Darauf folgt ein Unterabschnitt in dem Peter Bierl darauf hinweist das die Verbreitung des Eugenik Gedankens in der Europäischen Sozialdemokratie nach dem 1.Weltkrieg in den 20 Jahren ihren Höhepunkt erreicht und die SPD dabei bei Sterilisationsgesetzen in den einzelnen Bundesländern auch mit der NSDAP kooperierte. Im darauf folgenden Unterabschnitt geht Peter Bierl auf anarchistische Eugenik-Strömungen ein.

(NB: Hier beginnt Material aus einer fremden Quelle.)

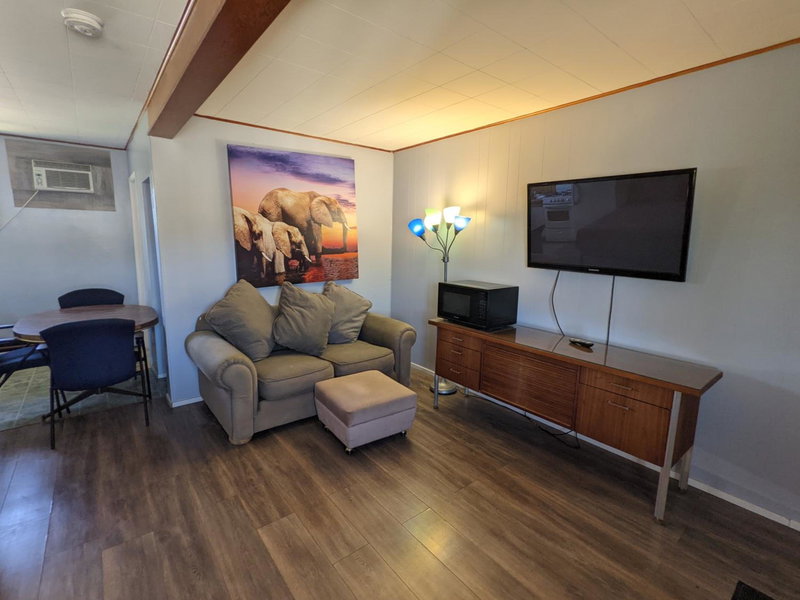 Deerview Lodge & Cabins - Princeton BC, Princeton, Canada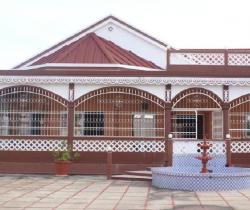 Maison / Villa 5 pi&egrave;ce(s)  300 m2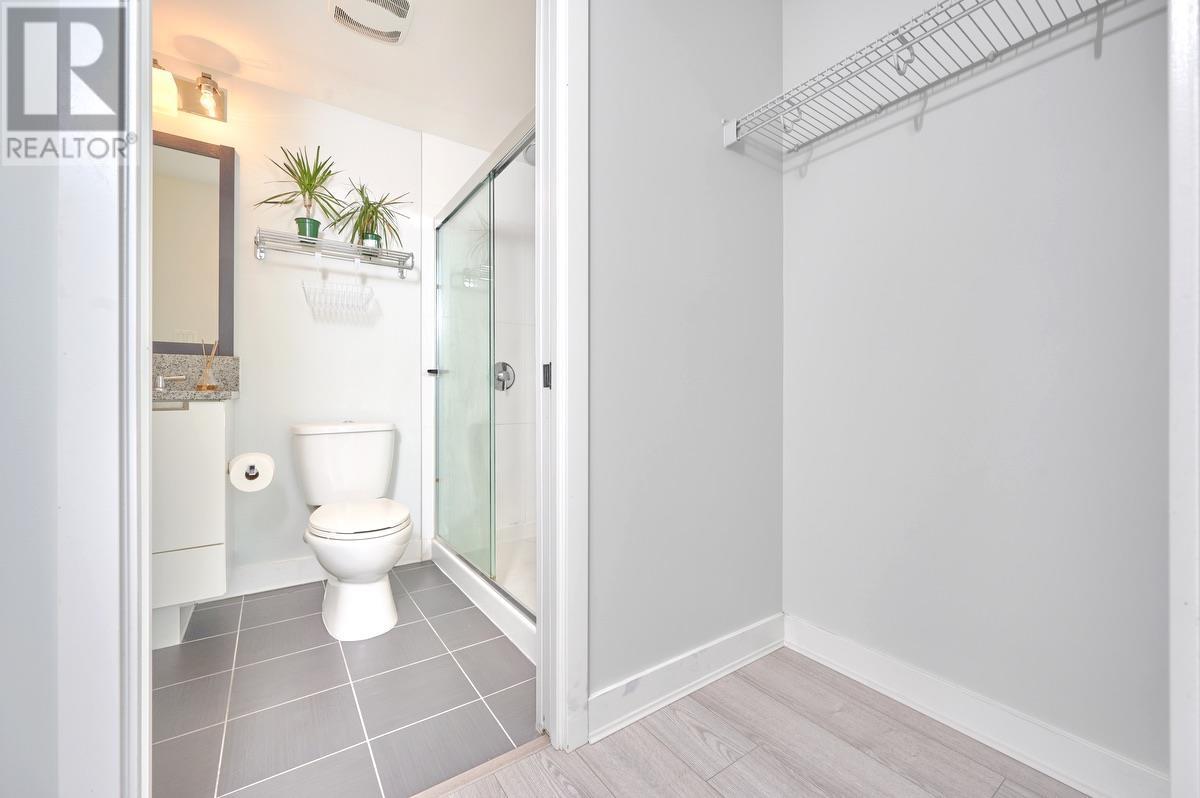 1101 2968 Glen Drive, Coquitlam, British Columbia  V3B 0C4 - Photo 17 - R2823028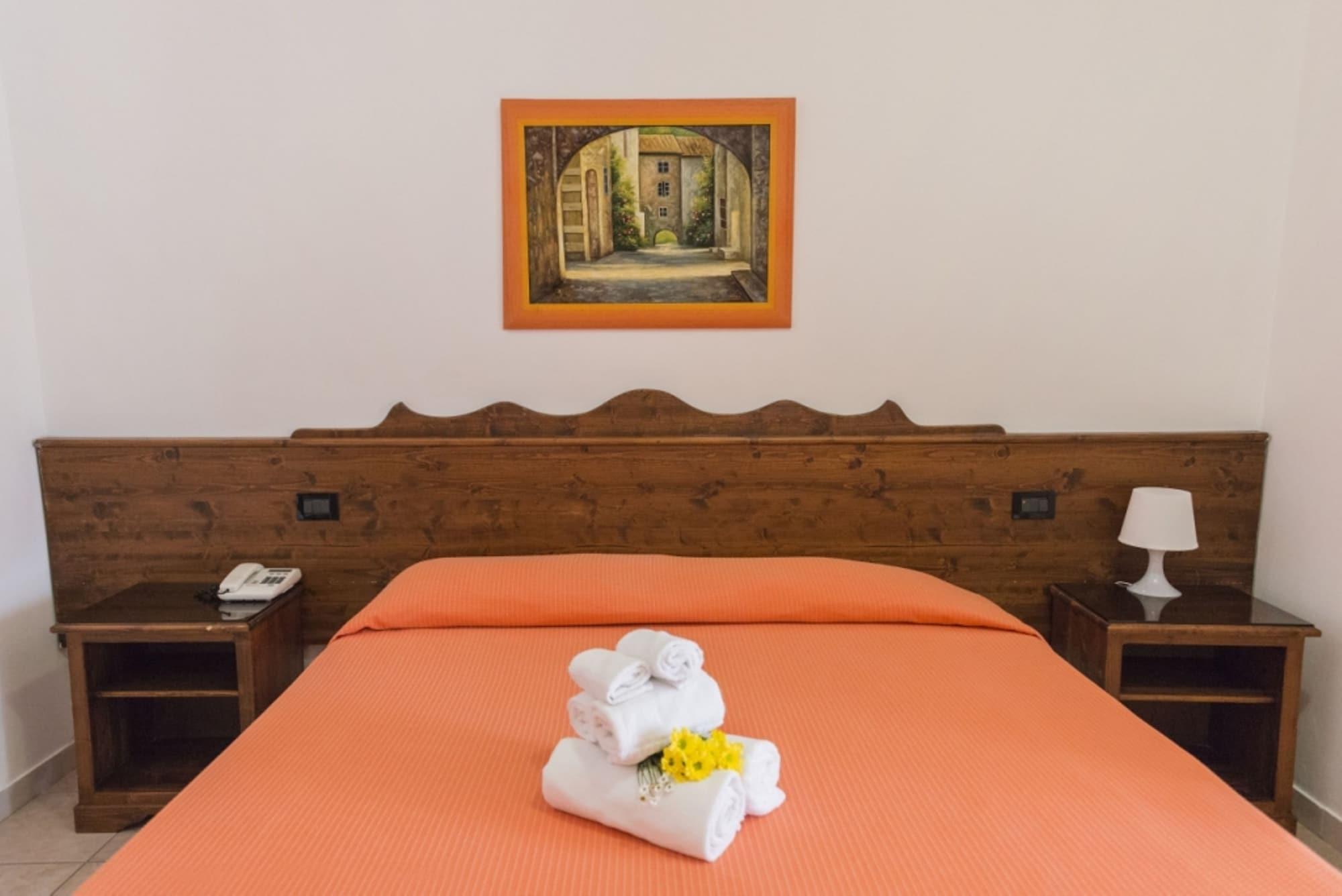 Hotel Bizantino Massafra Bagian luar foto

Es folgt dann der Unterabschnitt  mit dem Titel „Wie Stalin die Bolshevic-Eugenics stoppte“. In diesem Kapitel geht Peter Bierl auf die Kommunist*innen ein, die damals eugenische Positionen vertraten. Auch in dem Kapitel geht es erneut um überwiegend sozial-eugenische Gedanken, was letztendlich bedeuten soll, dass der Kapitalismus die Menschheit degenerieren lässt und deshalb muss hier korrigierend eingegriffen werden. Unter Stalin fielen dann viele Eugeniker den sog. Säuberungen von 1937 zum Opfer. Peter Bierl begründet dies damit, dass Stalin den Lehren von Lysenko anhing, der die Existenz von Genen bestritt. Zum Umgang Stalins mit Eugenikern verweise ich an dieser Stelle auf meine Rezension: https://inklusion-statt-integration.de/behinderte-menschen-in-der-sowjetunion-eine-rezension/ Ich sage weiterhin auch wenn ich kein Freund der Todesstrafe bin, wirkliches Mitleid verspüre ich in diesen Fällen nicht.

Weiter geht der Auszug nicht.